1

I'm trying to use clang -coverage to generate coverage information for my C project, but all the function signatures are marked as not covered, when I'd expect them to be not instrumented at all.

Small example -- this file is hello.c:

extern int puts(const char*);

int main(int argc, char *argv[]) {
  puts("hello, world");
  return 0;
}

In this example, I'd expect lines 4 and 5 to be marked executable, but not line 3. I run clang -coverage and lcov like this to get initial coverage:

$ cc -coverage hello.c
$ lcov -c -i -d . -o coverage.base
Capturing coverage data from .
Found gcov version: 3.6.0
Found LLVM gcov version 3.4, which emulates gcov version 4.2
Scanning . for .gcno files ...
Found 1 graph files in .
Processing hello.gcno
Finished .info-file creation

The generated coverage file looks like this:

TN:
SF:/Users/isbadawi/cov/hello.c
FN:3,main
FNDA:0,main
FNF:1
FNH:0
DA:3,0
DA:4,0
DA:5,0
LF:3
LH:0
end_of_record

I'd expect the DA:3,0 line not to be there -- or at least, if it's there, I'd expect it to be marked covered in the final coverage report.
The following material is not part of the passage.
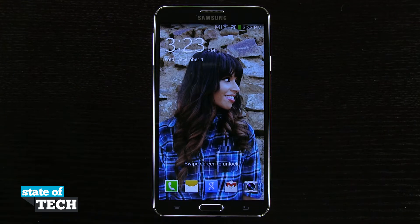Welcome to State of Tech. This is James here with another Note 3 tip for you. I'm going to show you how to add widgets to your lock screen.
When I go on to run a.out and run lcov again to generate a full coverage report, like this:

$ ./a.out
$ lcov -q -c -d . -o coverage.run
$ lcov -q -d . -a coverage.base -a coverage.run -o coverage.total

coverage.total looks like this:

TN:
SF:/Users/isbadawi/cov/hello.c
FN:3,main
FNDA:1,main
FNF:1
FNH:1
DA:3,0
DA:4,1
DA:5,1
LF:3
LH:2
end_of_record

I end up with 66.7% coverage instead of 100%. What am I doing wrong?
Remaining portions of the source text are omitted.